La Cdo sta col caimano senza sbavature, ma senza il bisogno di cavalcarlo. «Continueremo – dice Vignali – a essere noi stessi, dicendo che cosa va bene e cosa va male». Perché – ripete più volte – la fedeltà non è alla politica, ma al suo ideale: «La nostra vittoria non arriva dalla politica. è se saremo più coscienti, più uniti, più amici». E così, mentre Diego Della Valle in un’intervista all’Unità – intercettato dal cronista quando «sta già salendo sulla sua monovolume Toyota Previa» – ne approfitta per imputare a Berlusconi il declino del paese, Vignali preferisce sostenere che «l’Italia ha la sua carta da giocare». Perché, per chi ha occhi, è ancora possibile vedere quel tesoro italiano «che lo storico Carlo Cipolla, definì come la “capacità di produrre all’ombra dei campanili”. Sotto i campanili si scopre che l’altro non è il nemico da abbattere, ma quello con cui collaborare per competere».

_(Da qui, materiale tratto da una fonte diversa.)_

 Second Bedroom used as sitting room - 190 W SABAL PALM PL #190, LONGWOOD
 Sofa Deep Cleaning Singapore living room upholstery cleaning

Così accade che ci sia il paese del popolo grasso che si mette alla caccia del caimano, il terribile monstrum, lo scherzo di natura, il rettile che tutto inghiotte e rutta. E poi ci sia l’Italia dei piccoli e medi imprenditori che avverte ancora quanto sia più onorevole e avventuroso un giorno da alligatore che cento da piranha.